In Australia, the series was purchased by CBS's then-Australian partner network Network Ten. It premiered on Network Ten's sister network Eleven (now 10 Peach) on May 24, 2015, on a seven-day-a-week airing schedule to catch up with the current run through the northern hemisphere summer (by September and the start of the new American television season it had caught up and now airs on a day-delay with repeats at weekends); CBS has owned 10 Peach (and Network Ten itself) since it purchased Ten Network Holdings in the last half of 2017. From September 2020, the show has moved to the newly launched 10 Shake channel. The show returned to 10 Peach in 2021.

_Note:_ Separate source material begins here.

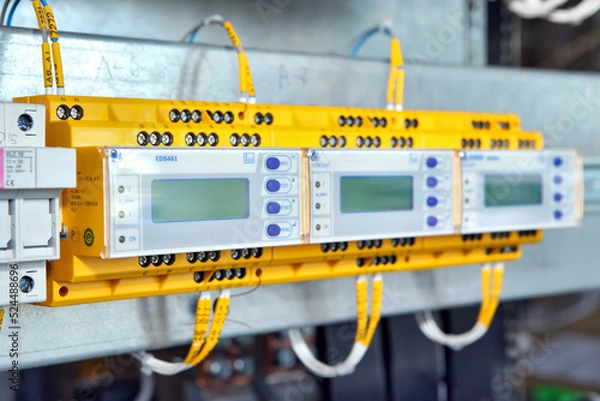 Fototapeta Electrician engineer work tester measuring voltage and current of power electric line in electical cabinet control.and wires on relay protection system. Bay control unit. Medium voltage switchgear.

In Asia, the show premiered on August 3, 2015, on RTL CBS Entertainment. It broadcasts on weekday nights following The Late Show with Stephen Colbert. Following the sale of the RTL CBS Networks to Canadian-based company Blue Ant Media and subsequent rebranding it to Blue Ant Entertainment in January 2018, the show continued to air until the deal with the show's distributor CBS expired in September 2020.

In Hong Kong, the show had been broadcast at 10:30 p.m. HKT every Friday on ViuTVsix, free-to-air television channel, since April 5, 2019. The show now airs at 9:30 p.m. HKT every Wednesday and Friday on the same channel.

The American Forces Network satellite radio and television service broadcasts the show commercial free to United States military personnel stationed overseas on Prime Atlantic for viewers in Europe and on Prime Pacific for viewers in Asia.